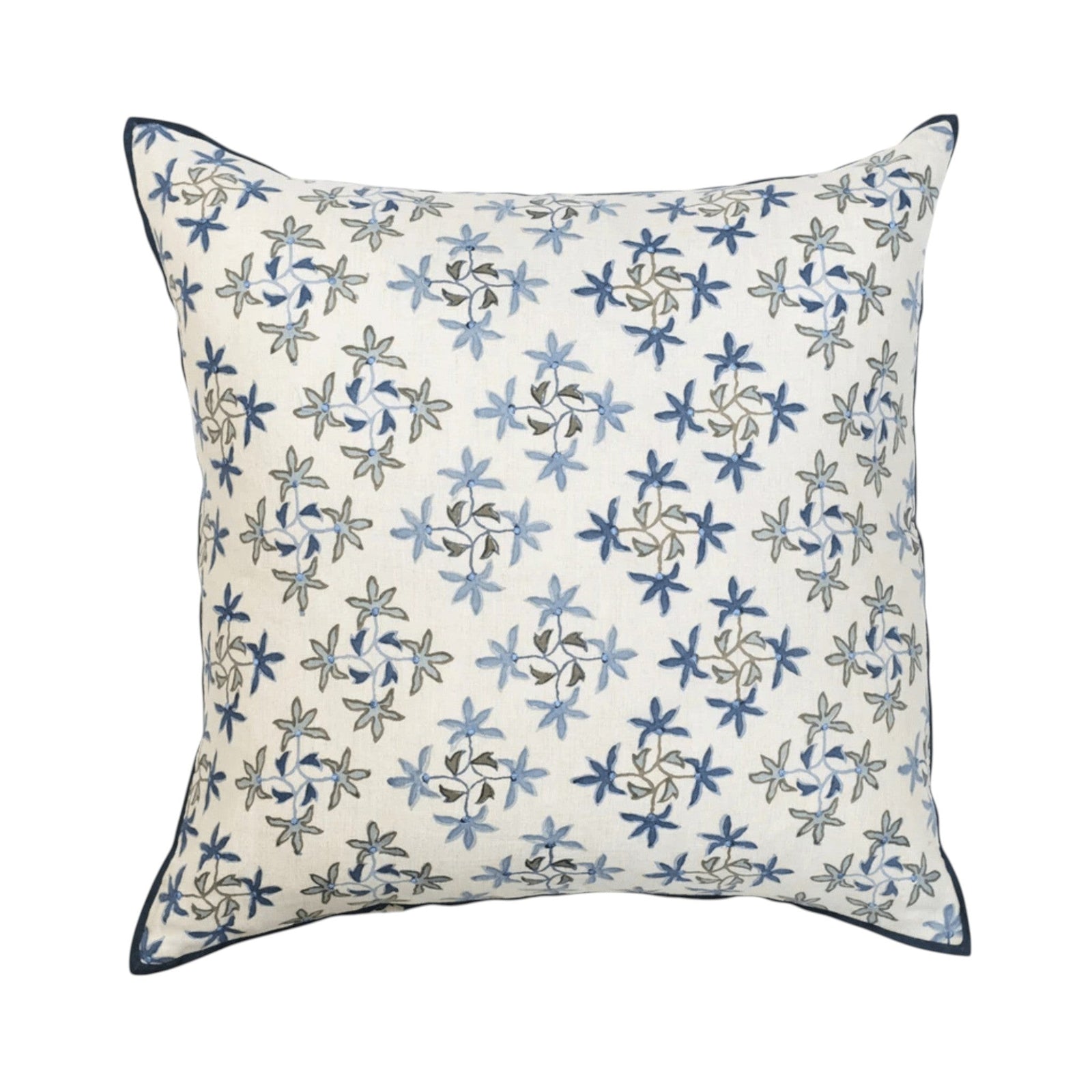 Maison Venu Celeste Lapis pillow with blue floral embroidery on a white background and dark blue piped edges.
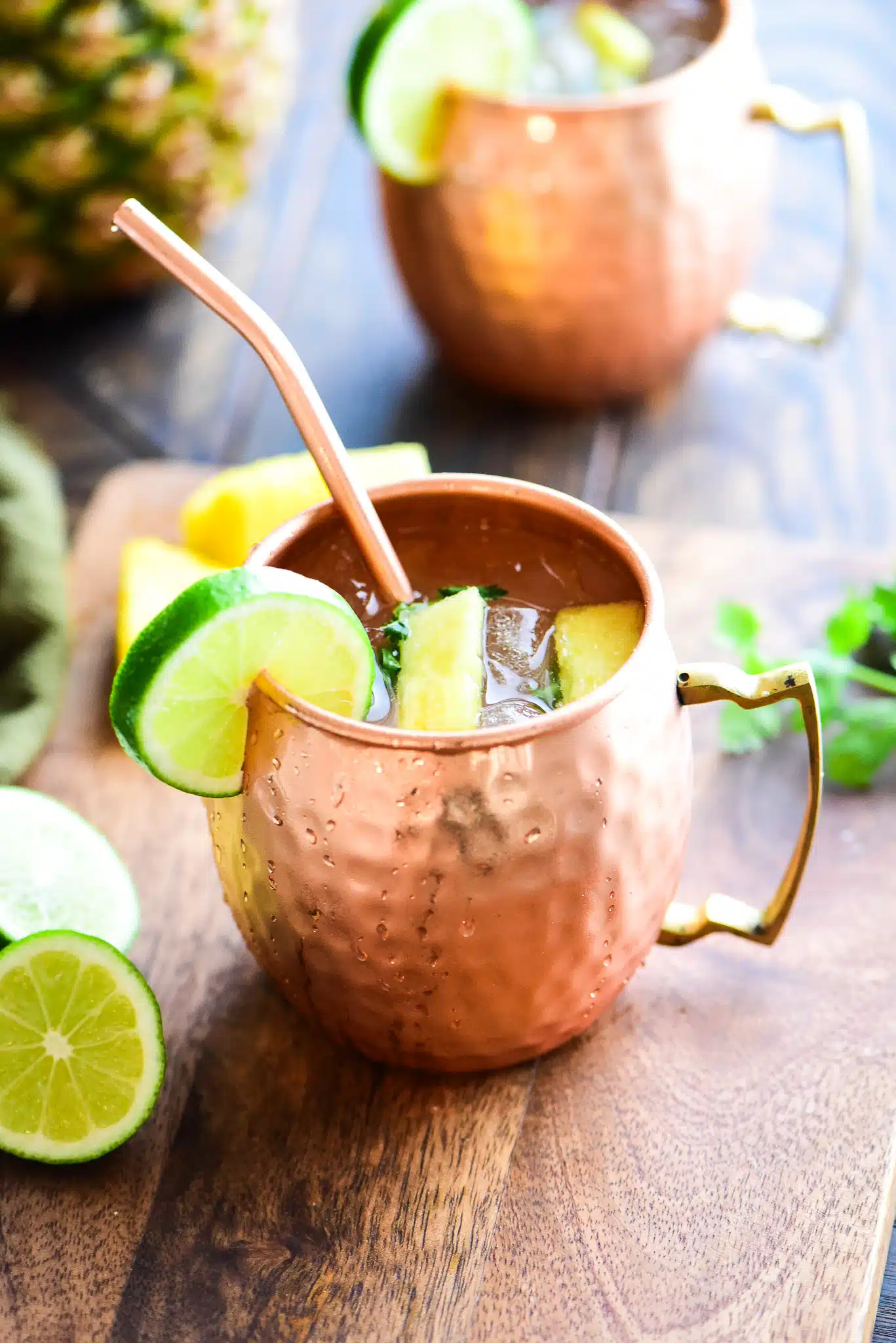 Pineapple Moscow Mule served in a copper mug with a copper straw and garnished with a lime.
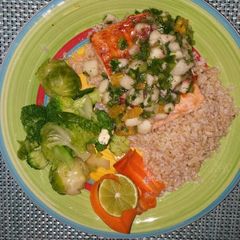 A picture of Grilled salmon with peach citrus salsa.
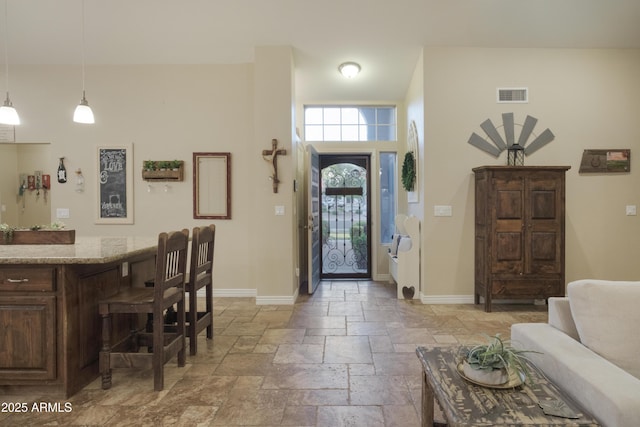 foyer entrance featuring stone tile floors and baseboards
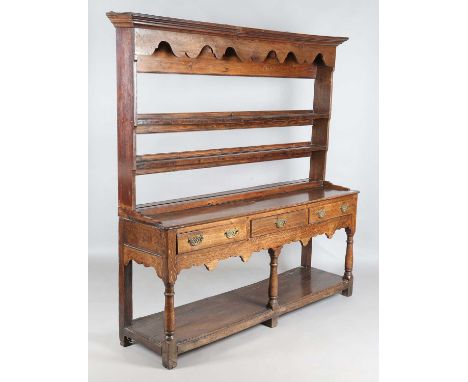 A George III provincial oak dresser, the later plate rack above three frieze drawers and a pot shelf, height 201cm, width 191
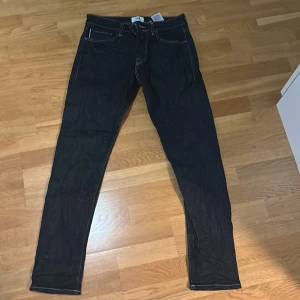 Mörkblå jeans från R.D.D. 32/32 - Snygga mörkblå jeans från R.D.D. i klassisk femficksmodell. Jeansen har kontrastsömmar och raka ben med en något smalare passform. Perfekta för dig som gillar stilrena och tidlösa jeans i denim.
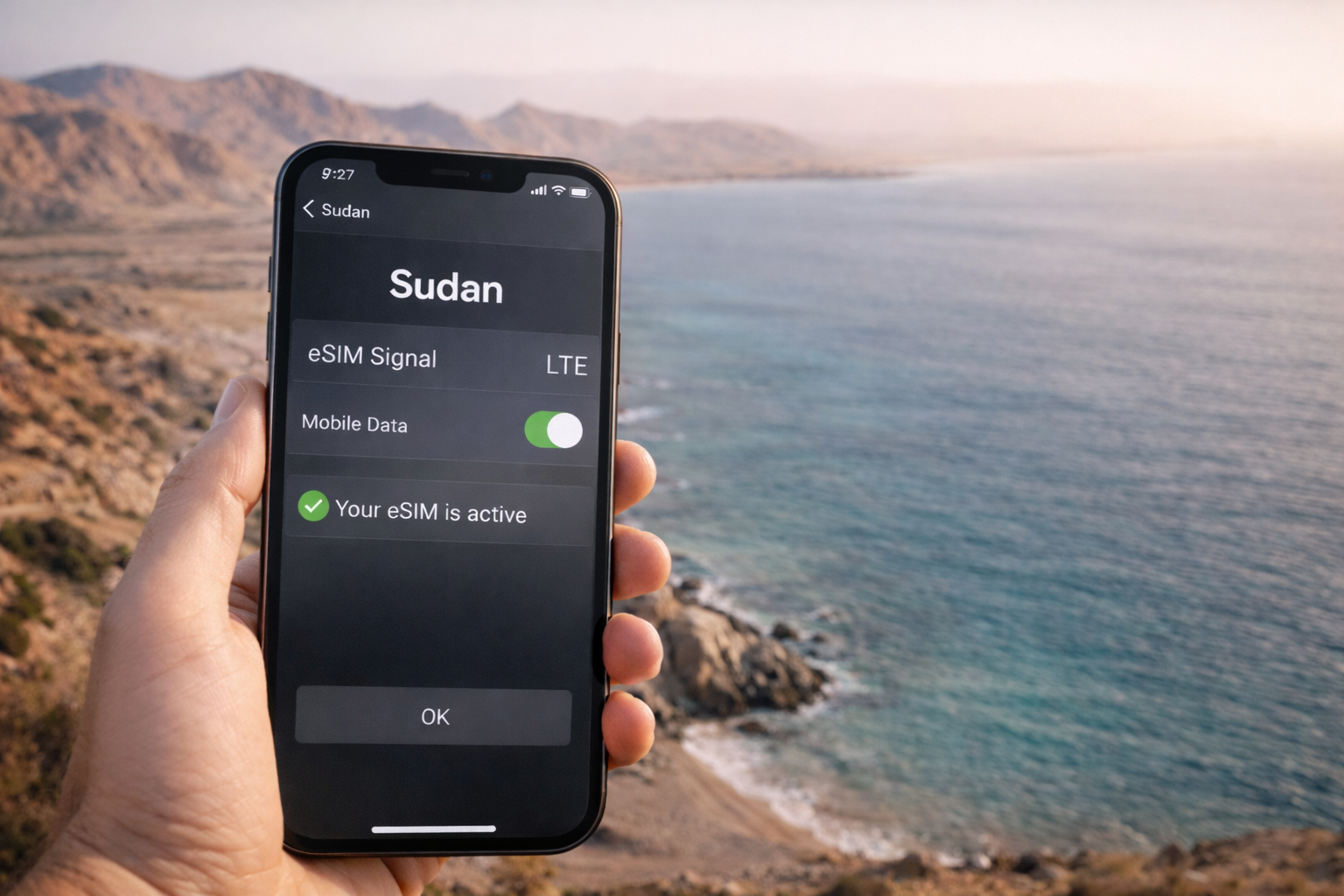 סמארטפון עם eSIM פעילה ואינטרנט סלולרי עובד על רקע חוף הים האדום וגבעות מדבריות בסודן.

■ **Exercise**:
For every record above, repeat the text exactly and omit any picture.

■ **Task result**:
 Maison Venu Celeste Lapis pillow with blue floral embroidery on a white background and dark blue piped edges.
 Pineapple Moscow Mule served in a copper mug with a copper straw and garnished with a lime.
 A picture of Grilled salmon with peach citrus salsa.
 foyer entrance featuring stone tile floors and baseboards
 A George III provincial oak dresser, the later plate rack above three frieze drawers and a pot shelf, height 201cm, width 191
 Mörkblå jeans från R.D.D. 32/32 - Snygga mörkblå jeans från R.D.D. i klassisk femficksmodell. Jeansen har kontrastsömmar och raka ben med en något smalare passform. Perfekta för dig som gillar stilrena och tidlösa jeans i denim.
 סמארטפון עם eSIM פעילה ואינטרנט סלולרי עובד על רקע חוף הים האדום וגבעות מדבריות בסודן.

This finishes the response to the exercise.